To my surprise, I got an interview scheduled soon for a job in my major. Not sure if the job actually starts in December, but if it did and I actually got the job, would I face any backlash for quitting so close to the holidays?


----------



## happygoth (Nov 19, 2019)

If you get the job and move on, what are they going to do? Might be a sticky situation if you want to keep the door open, but as long as you leave on good terms and give notice, not much they can do.


----------



## sbrando7 (Nov 19, 2019)

Can you overlap the two jobs?

For example, will your new job in your major be scheduling you on weekends?  If not, offer to work weekends at Target until Christmas.

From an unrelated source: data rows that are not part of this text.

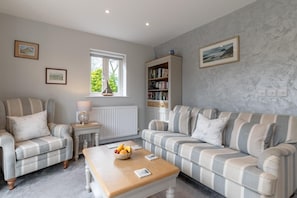 TV - 2 Bed in Beadnell (oc-gd0376) (Beadnell)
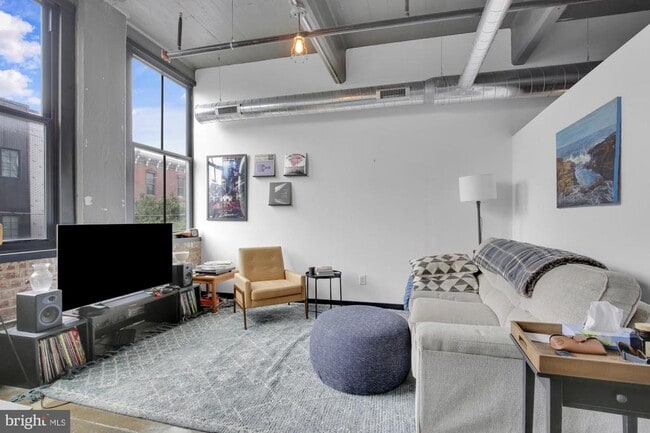 Building Photo - 1701 Tulip St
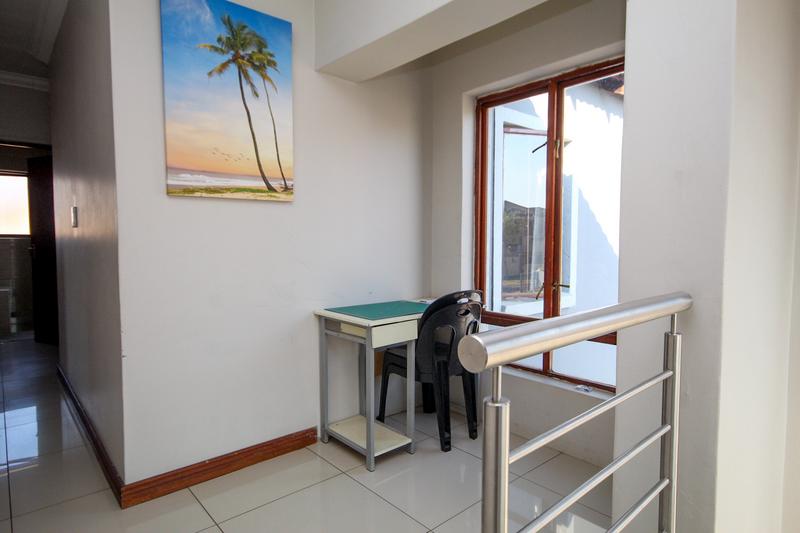 4 Bedroom Property for Sale in Thatchfield Gauteng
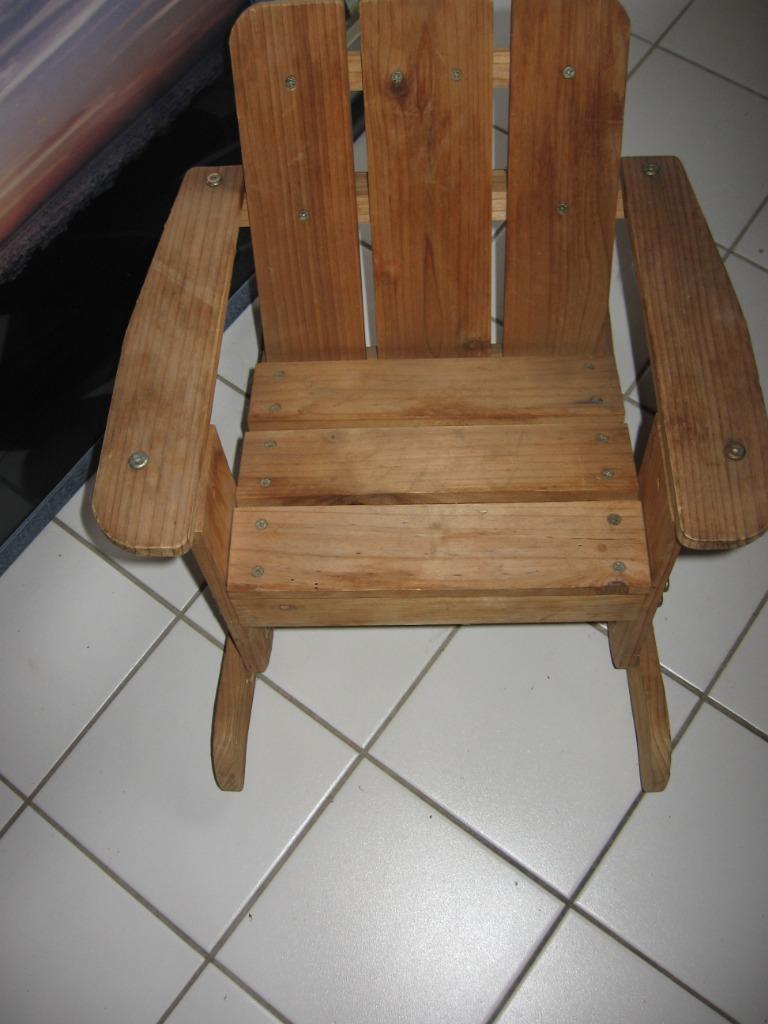Vintage 70' handgemaakte kinderschommelstoel gemaakt in een, Kinderen en Baby's, Kinderstoelen, Ophalen, Zo goed als nieuw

Or ask your new job if you can start December 26th?  Explain you are currently working at a retail job and you need to give at least two weeks notice.  Tell them it would be really rude and unprofessional to leave a week or so before Christmas.

Your new job might be impressed that you are not willing to leave a job at a bad time.  Odds are you will eventually be leaving your new job for another company in the future, they might like to know you will not screw them over when the time comes.


----------



## FlowTeamChick (Nov 19, 2019)

Last year, a senior TL left in December, or maybe even just before Black Friday.  Can't quite remember, but I do remember being surprised at the timing because she'd been there for a long time.  But she got a great offer and didn't want to turn it down.  We survived, although I imagine it might have been a little rough on the TLs that were left.
So if you get a good offer in your field, take it!  If you really want to, ask if you can have a start date that allows you to work at Target through the holidays, but don't feel any particular obligation.


----------



## Times Up (Nov 19, 2019)

Net said:


> To my surprise, I got an interview scheduled soon for a job in my major. Not sure if the job actually starts in December, but if it did and I actually got the job, would I face any backlash for quitting so close to the holidays?

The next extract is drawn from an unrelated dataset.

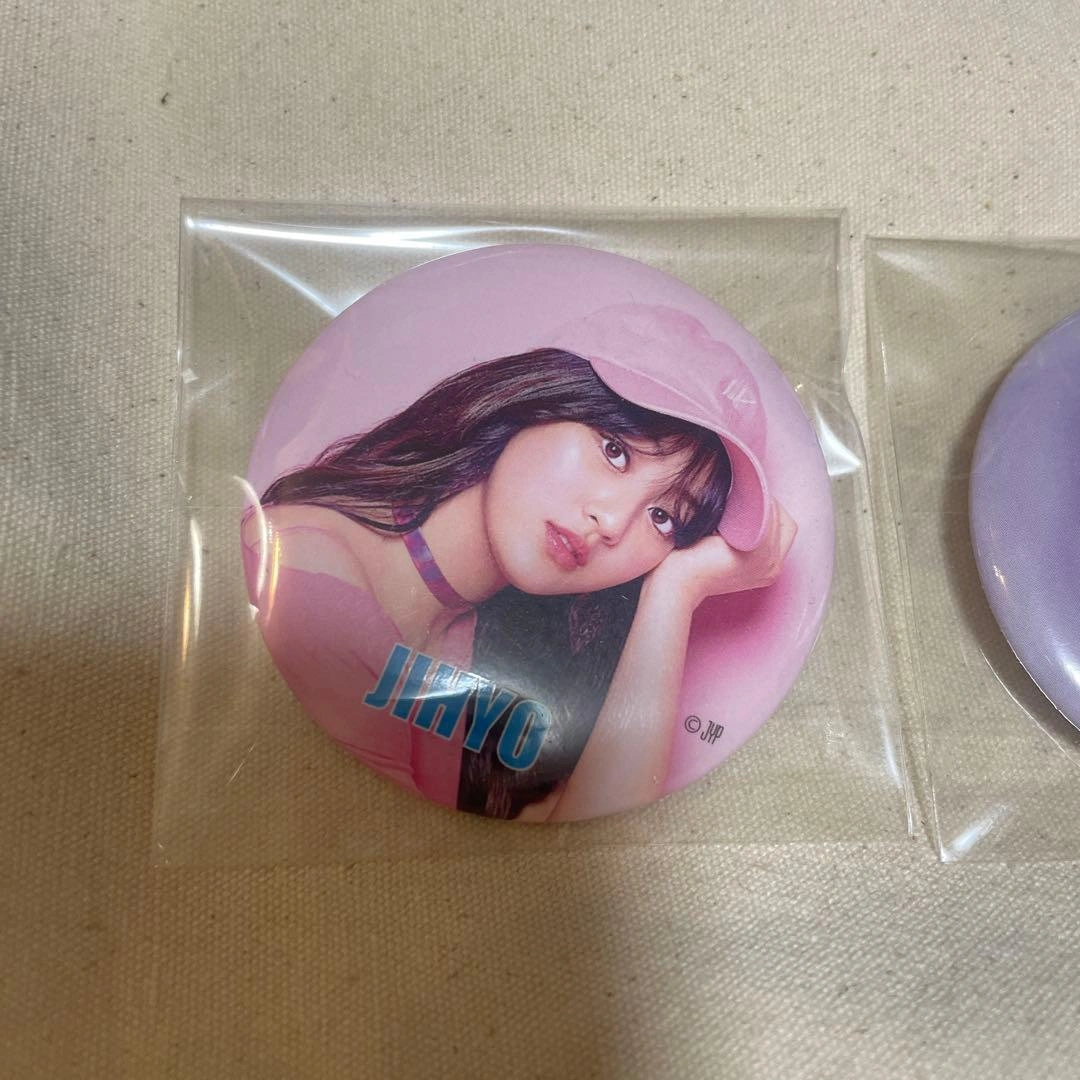 バラ売り可 TWICE ジヒョ 缶バッジの写真2枚目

Just be professional and give 2 weeks notice and work the whole 2 weeks.  That's all you owe Target.
Your concern for Target is admirable, but misplaced.  We're all replaceable.

Good luck!


----------



## soyaxo (Nov 19, 2019)

Times Up said:


> ...Your concern for Target is admirable, but misplaced.  We're all replaceable.
> 
> Good luck!



This is super true. I was more concerned with my old store than they ever were with me.


----------



## tellmeaboutatime (Nov 19, 2019)

You do not "owe" Target anything, Not two weeks, not your firstborn. 2 weeks is a courtesy. Nothing more, nothing less. Why do people feel so beholden to this company? They would eliminate you in a heartbeat if they needed to.


----------



## Tarshitsucks (Nov 19, 2019)

When offered take the job. Tarshit could care less about you. Don't make yourself regret not taking a job because of that shithole.


----------



## Hardlinesmaster (Nov 19, 2019)

Take the job.


----------



## jenna (Nov 19, 2019)

Take the job.  Give Target two weeks notice.  Work your final two weeks at Target.

🤷

People quit Target all the time. I am just happy if they show up and work their final shifts.


----------



## Kartman (Nov 19, 2019)

Times Up said:


> Just be professional and give 2 weeks' notice and work the whole 2 weeks.

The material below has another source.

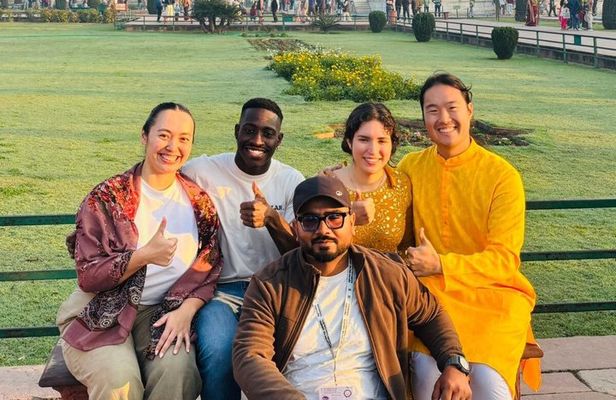 From Delhi: Agra Overnight Tour with Sunrise & Sunset Taj Mahal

ONLY if you want to use them for a future reference AND it won't hurt your potential for being hired at your new gig! No? Just tell them you won't be coming back the next time you check out.


----------



## Ashfromoldsite (Nov 19, 2019)

Kartman said:


> ONLY if you want to use them for a future reference AND it won't hurt your potential for being hired at your new gig! No? Just tell them you won't be coming back the next time you check out.


Target doesn’t respond to reference checks other than start and end date. This does NOT matter.


----------



## Kartman (Nov 19, 2019)

Dos bastardos!!!


----------



## Motorhead (Dec 8, 2019)

tellmeaboutatime said:


> You do not "owe" Target anything, Not two weeks, not your firstborn. 2 weeks is a courtesy. Nothing more, nothing less. Why do people feel so beholden to this company? They would eliminate you in a heartbeat if they needed to.



Agree. even though I gave a one week notice, my ETL said I will be put down as "non-rehireable". I couldn't give a two week notice because I started at my new job in one week.


----------



## BoxCutter (Dec 8, 2019)

Tell the new employer you can start in two weeks because you want to give Target the courtesy of two weeks notice. If they want you right away, do as sbrando7 said, and see about Target cutting you to weekends only for two weeks and your new employer working around it. If the new employer balks at either of those options, be careful, it could be a red flag of what type of employer they will be. If they can work with either of those options, talk with Target HR, give your notice to them and on Workday, work your scheduled two weeks, and move on. Target may seem like a small bridge to burn at this point in your life but you want to keep all your options open because you never know what the future may hold.

In the end, do what your gut says is right, and good luck with your future!


----------